- How to complete this task: Restate exactly the lines below, from the one containing "Casa Residencial no" through the final line, and leave out the pictures.

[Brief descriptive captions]
———

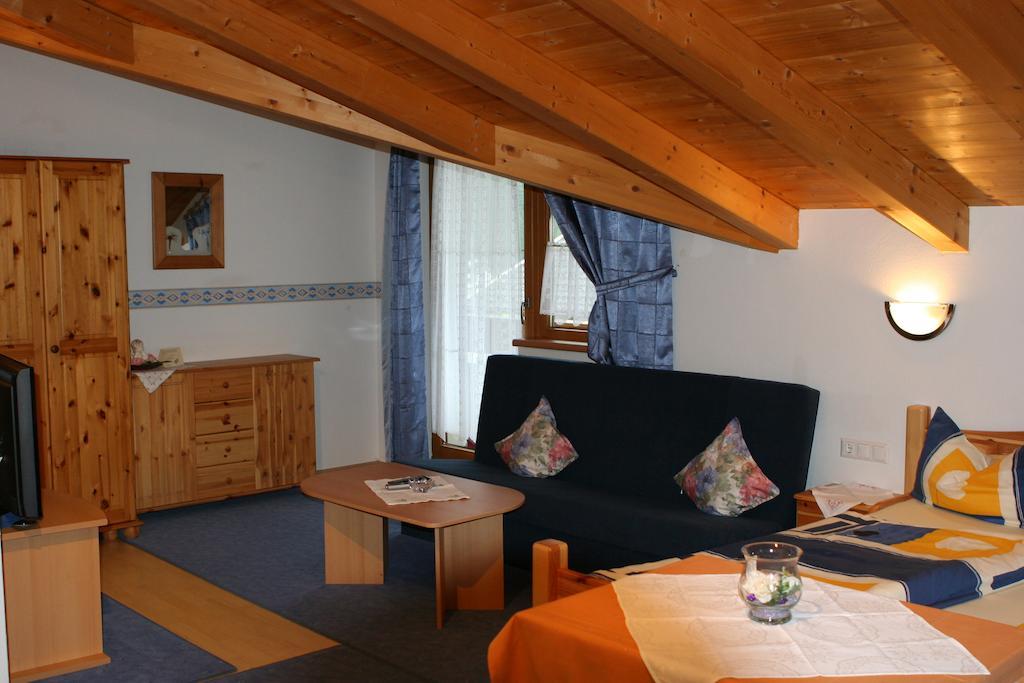 Hotel Haus Hildegard Neustift im Stubaital Habitación foto
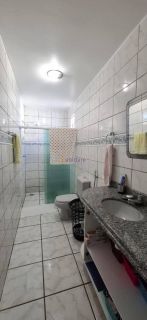 Casa Residencial no Cohaserma com 03 quartos (1 suíte)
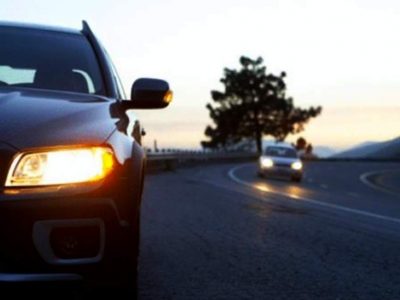 З 1 жовтня діятиме обов’язкова до виконання вимога Правил дорожнього руху: водії повинні вмикати ближнє світло фар  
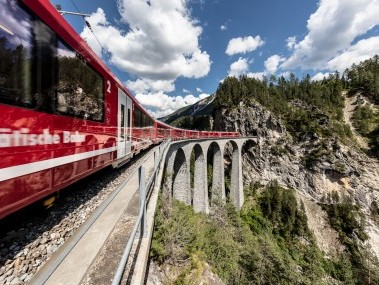 Interregio auf dem Landwasserviadukt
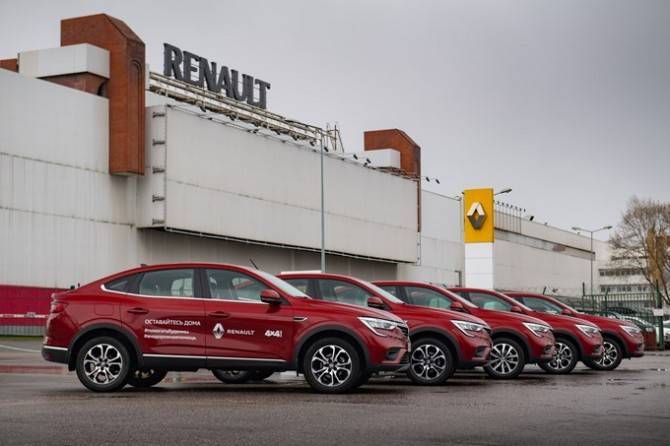Renault передала волонтерскому движению кроссоверы Arkana - autostat.ru - Россия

———

- Problem solution:
 Casa Residencial no Cohaserma com 03 quartos (1 suíte)
 З 1 жовтня діятиме обов’язкова до виконання вимога Правил дорожнього руху: водії повинні вмикати ближнє світло фар  
 Interregio auf dem Landwasserviadukt
Renault передала волонтерскому движению кроссоверы Arkana - autostat.ru - Россия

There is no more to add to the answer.